It’s Sunday and it’s almost time for the inevitable trip to the grocery store. Whether it’s a full blown meal prep trip or a simple snack run, we all find ourselves in this dreaded position. However, there’s a small two dollar light at the end of the tunnel that makes every trip worth it and his name is Chuck. Charles Shaw or “Two Buck Chuck” is the infamous brand of Trader Joe’s wines that go for no more than a few dollars. Is it a scam? How can Chuck really only be two bucks?
Charles Shaw is one of the wines under the Bronco Wine company which is owned by Fred Franzia. “Franzia” probably sounds familiar because it’s the name of the wildly popular line of cheap, boxed wines you and your pals probably chugged at those crazy college frat parties. This company is a veteran of the cheaply produced wine, so it makes sense that Charles Shaw is under the Bronco umbrella.
To really get to the bottom of this mystery, it’s important to take a look at how this brand of juice is made. When most think of California winemaking, Napa Valley comes into focus. However, the grapes destined to become Charles Shaw are actually planted in the San Joaquin Valley. It’s much cheaper to plant in the San Joaquin Valley because the climate isn’t the most ideal atmosphere for prime grape planting as it can get pretty hot. The temperature creates huge harvests, but the heat also increases the risk of producing over-ripened grapes which reduces the overall quality of a wine.

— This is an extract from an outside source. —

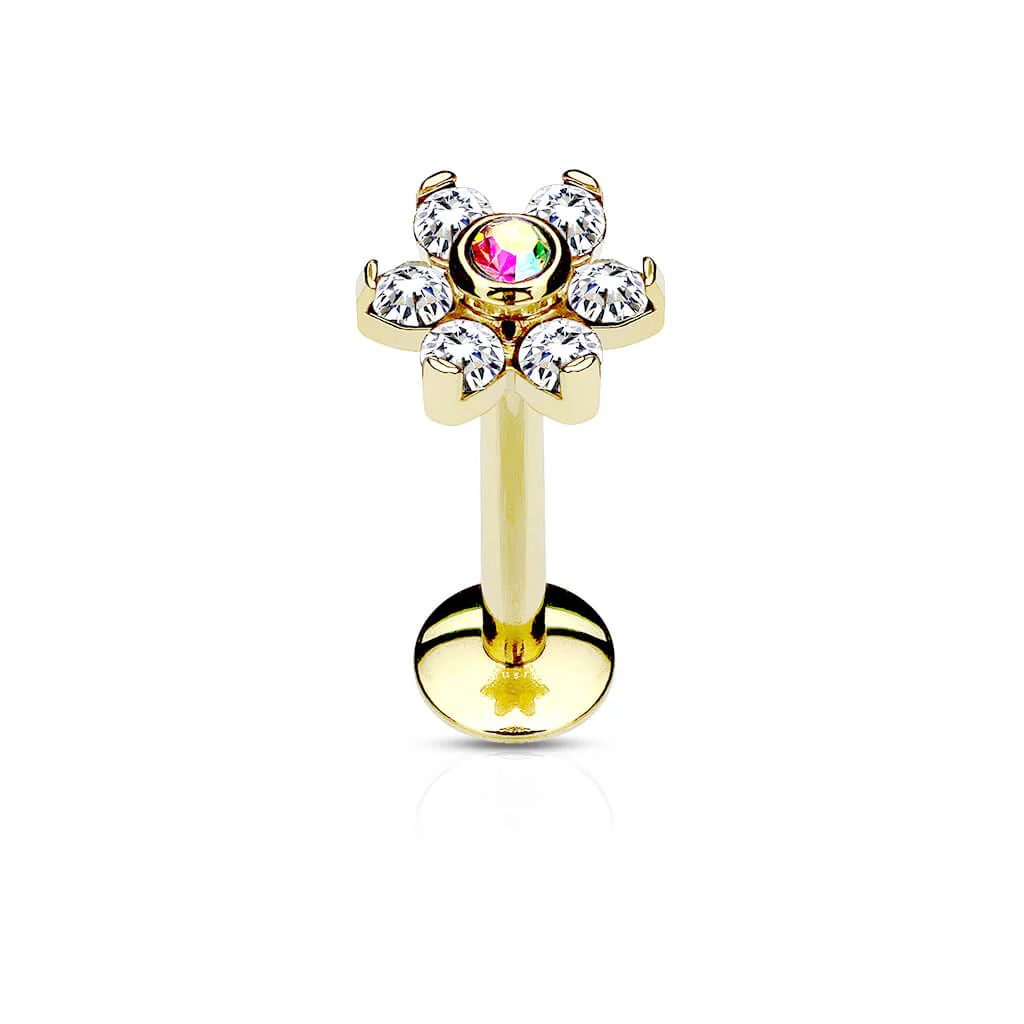 Labret Blume Zirkonia PVD Innengewinde - Image 2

Along with farming, other production methods also play into why this bottle of wine is such a bargain. Instead of aging the wines in oak barrels, American oak chips are soaked in the wine to help round out the flavor of Charles Shaw. French oak barrels can be pretty costly, and using American oak chips rather than the imported oak helps cut costs. Chuck is also mass-produced, and the wine is packaged using lighter-weight glass bottles keeping shipping weights low. Production costs are kept low, so Chuck can remain only a few dollars.
Although there are many critics of Charles Shaw, the wine still manages to fly off shelves nationwide. According to Business Insider, “It’s one of the best-selling products ever sold at Trader Joe’s, exceeding 800 million bottles since the wine debuted at $1.99 in 2002.”
If you haven’t grabbed a bottle yet, you have all the time in the world. Chuck’s clearly not disappearing anytime soon.